Judge bars polygamist Kingston from visiting children

Salt Lake City/November 24, 2004

Salt Lake City -- A juvenile court judge has yanked visitation privileges from polygamist John Daniel Kingston after the weekly meetings allegedly upset some of his children.

Judge Andrew Valdez revoked Kingston's visitation rights Monday for nine of the 11 children he has with Heidi Mattingly.

Ten of the children were taken away from the home after Valdez ruled Kingston abused them and that their mother failed to protect them. Since then, Kingston's interaction with the children has been limited to weekly supervised visits.

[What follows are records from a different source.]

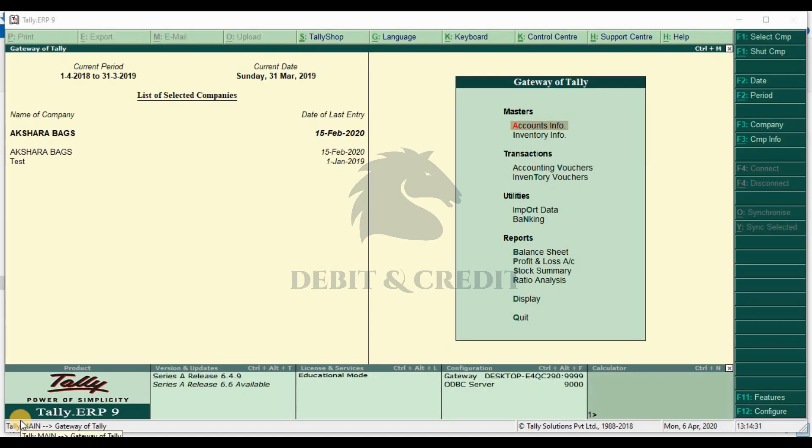Hello YouTube, welcome to Debit and Credit channel. Today we are going to learn about how to print all invoices with authorized signature using TDL.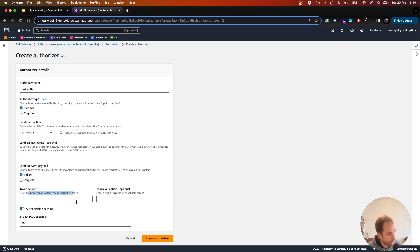In the request type you can set the header, and in the token type you specify the header that contains the authorization token. These are the configurations needed to set up the authorizer in an API Gateway service.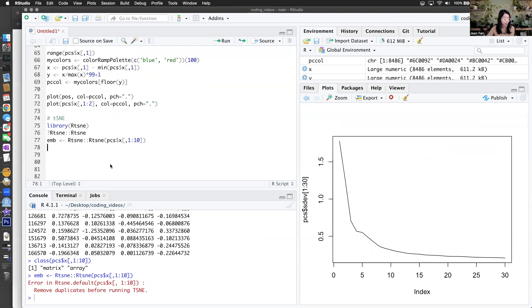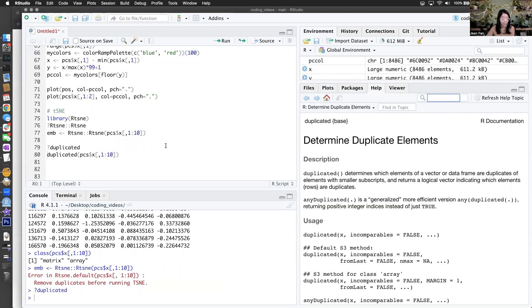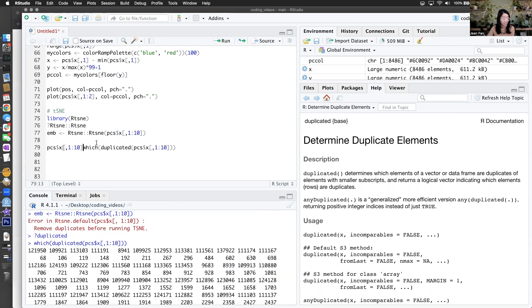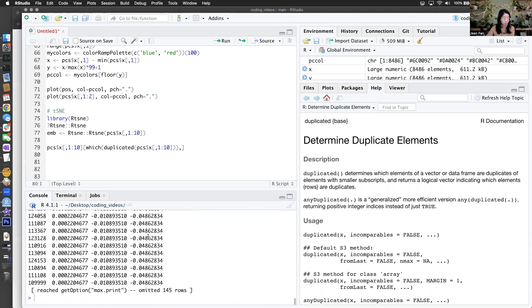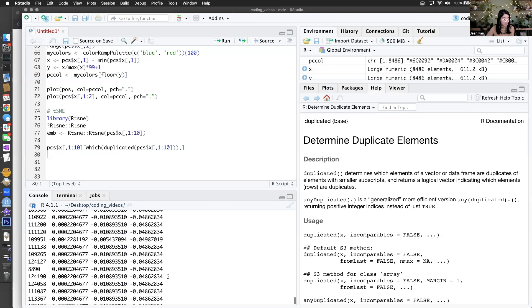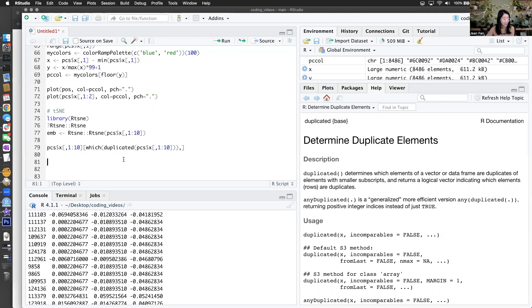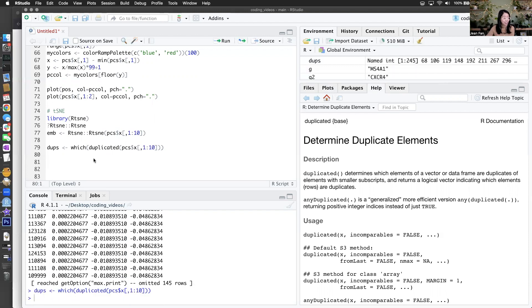Okay, let's see. It says to remove duplicates before running t-SNE. Why are there duplicates? We can use the duplicated function in base R to figure out which rows are duplicated. There are a lot of duplicates. Let's double check that they're actually duplicated — yes, they are indeed duplicates. They are indeed duplicates, so we'll just have to figure out why they're duplicates. It's a little suspicious.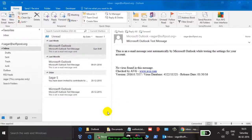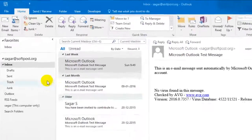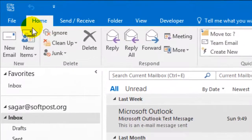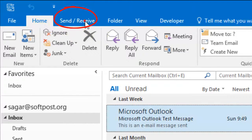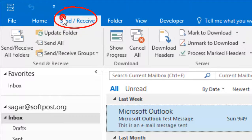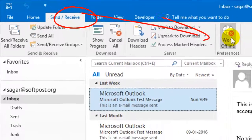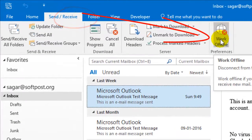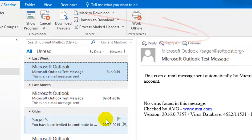Hello there. In this video I am going to show you how you can go offline in Outlook. To go offline, you have to click on the Send and Receive tab. Once you click on that, you will find the Work Offline button — just click on that and you will be disconnected from the server, so you cannot send and receive emails from the server in that mode.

The family landed in court after Kingston threatened two of his teenage daughters for piercing their ears without his permission. The girls, ages 13 and 16, told police they were afraid of their father, who allegedly threatened to rip out their earrings for going against his wishes.

Valdez has barred Kingston from contact with Mattingly, who has custody of their 4-month-old daughter, and from the two teenage daughters who were pulled from their mother's home in February.

Kingston is believed to have more than 100 children with about 14 women.

Caseworker Curtis Giles alleges Kingston inappropriately told the children their plight was like biblical persecution, tried to prejudice them against their foster parents, failed to supervise them during visits and tried to sway their testimony.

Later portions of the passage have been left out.